*** Opening Material shown ***
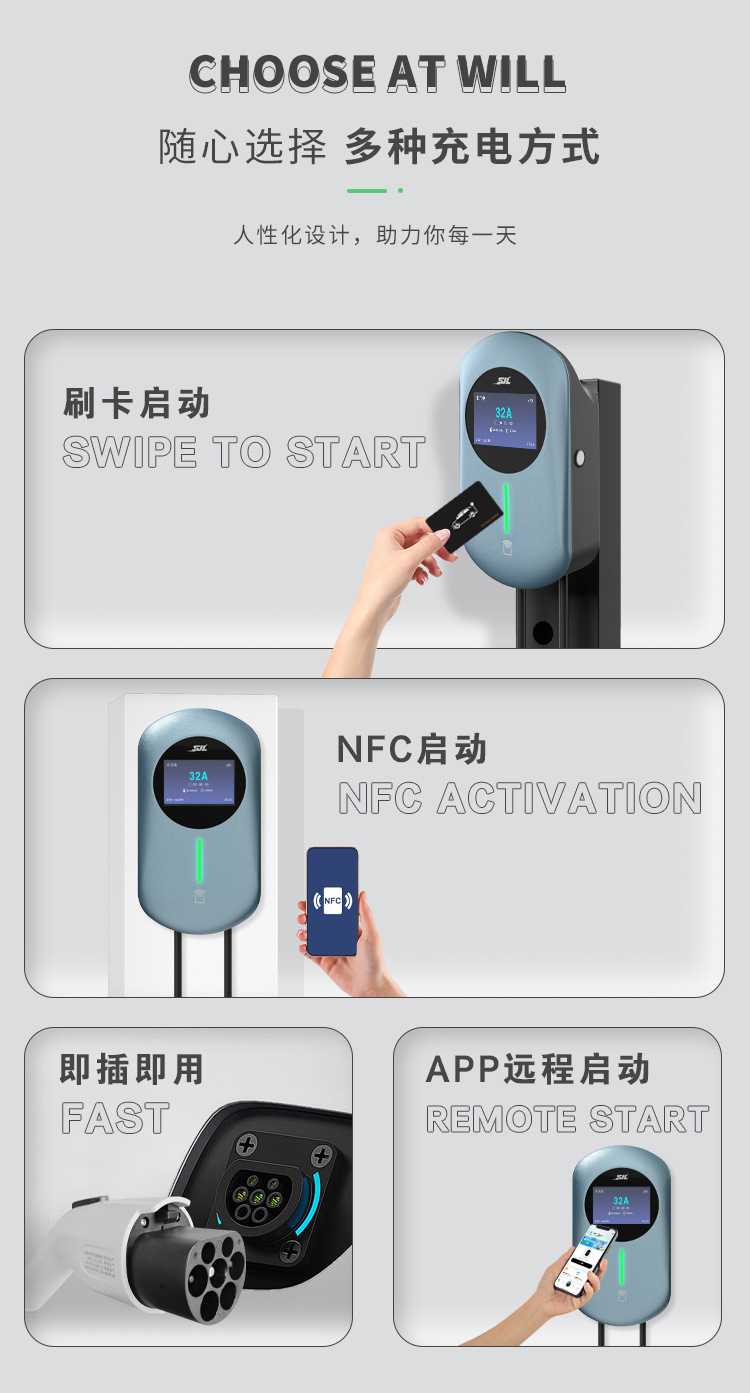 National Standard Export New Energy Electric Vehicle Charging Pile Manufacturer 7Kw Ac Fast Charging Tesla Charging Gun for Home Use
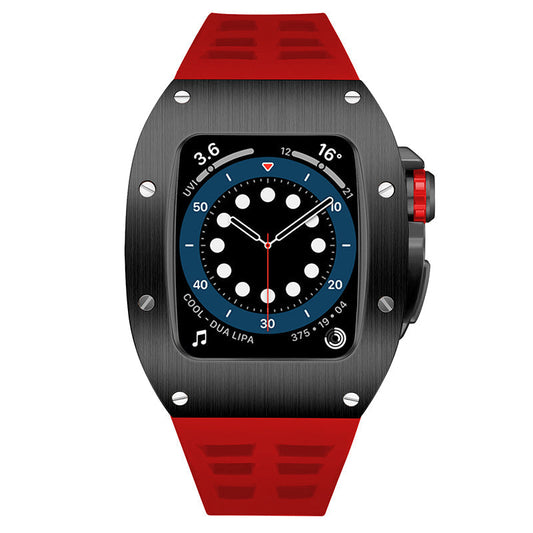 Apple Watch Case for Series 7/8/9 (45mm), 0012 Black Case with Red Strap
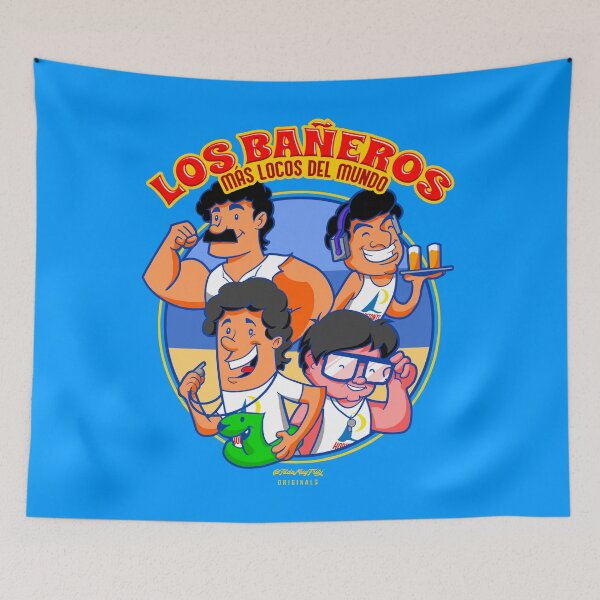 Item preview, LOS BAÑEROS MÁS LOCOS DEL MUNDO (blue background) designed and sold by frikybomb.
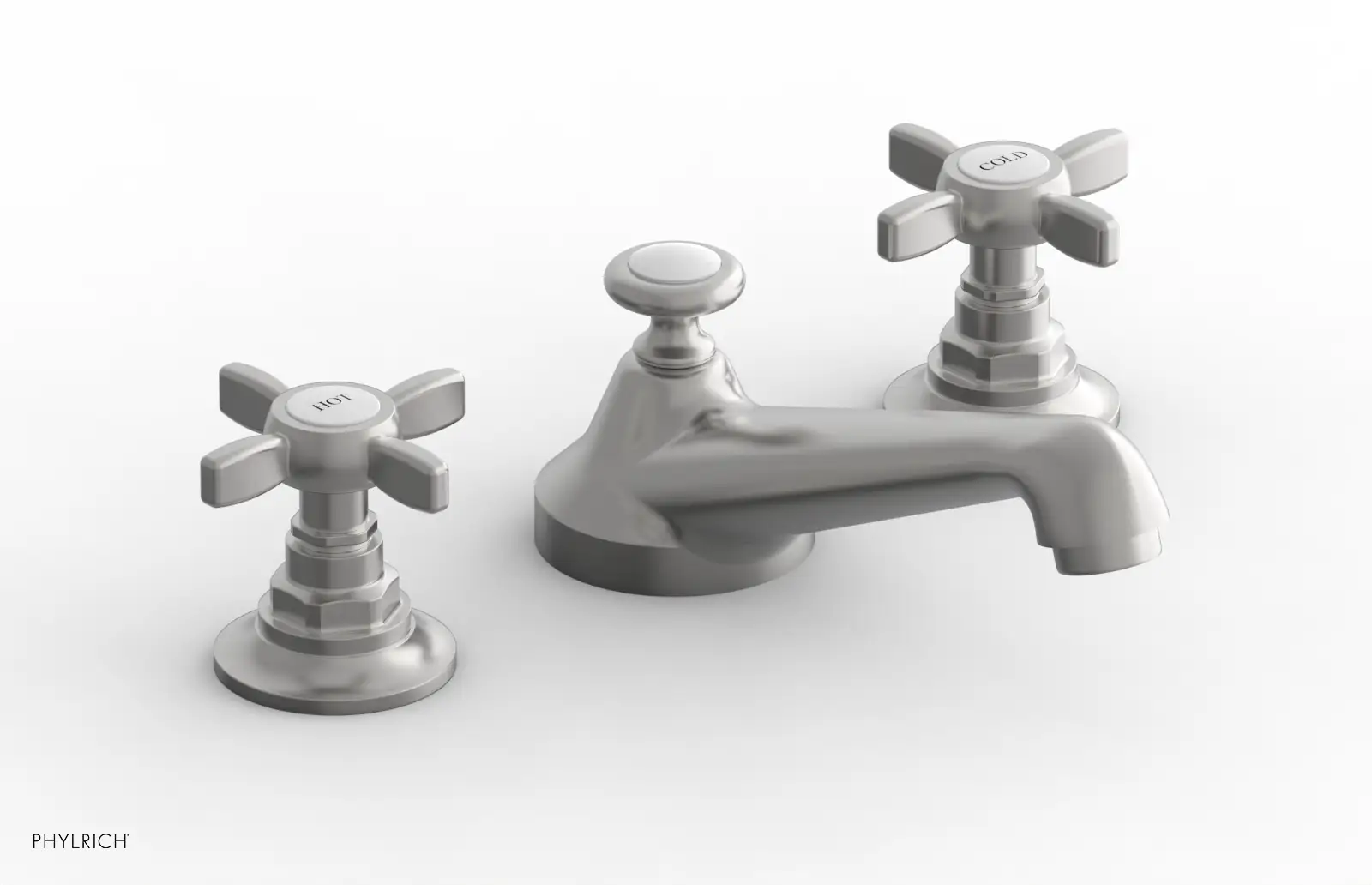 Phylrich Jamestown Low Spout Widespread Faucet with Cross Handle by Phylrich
*** Closing Material shown ***
*** Opening Material shown ***
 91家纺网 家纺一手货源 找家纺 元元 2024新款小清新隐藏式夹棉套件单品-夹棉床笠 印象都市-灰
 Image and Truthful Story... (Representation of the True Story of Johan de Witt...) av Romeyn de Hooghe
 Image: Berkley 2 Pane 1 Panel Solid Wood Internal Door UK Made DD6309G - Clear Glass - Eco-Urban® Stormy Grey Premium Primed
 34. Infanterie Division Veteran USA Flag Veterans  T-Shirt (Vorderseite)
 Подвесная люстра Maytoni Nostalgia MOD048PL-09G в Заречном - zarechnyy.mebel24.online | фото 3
*** Closing Material shown ***
### What you need to do
With the line that has "91家纺网 家纺一手货源 找家纺" as the first and the line that has "Подвесная люстра Maytoni" as the last, repeat exactly that run of lines above and no more.

### Reply
 91家纺网 家纺一手货源 找家纺 元元 2024新款小清新隐藏式夹棉套件单品-夹棉床笠 印象都市-灰
 Image and Truthful Story... (Representation of the True Story of Johan de Witt...) av Romeyn de Hooghe
 Image: Berkley 2 Pane 1 Panel Solid Wood Internal Door UK Made DD6309G - Clear Glass - Eco-Urban® Stormy Grey Premium Primed
 34. Infanterie Division Veteran USA Flag Veterans  T-Shirt (Vorderseite)
 Подвесная люстра Maytoni Nostalgia MOD048PL-09G в Заречном - zarechnyy.mebel24.online | фото 3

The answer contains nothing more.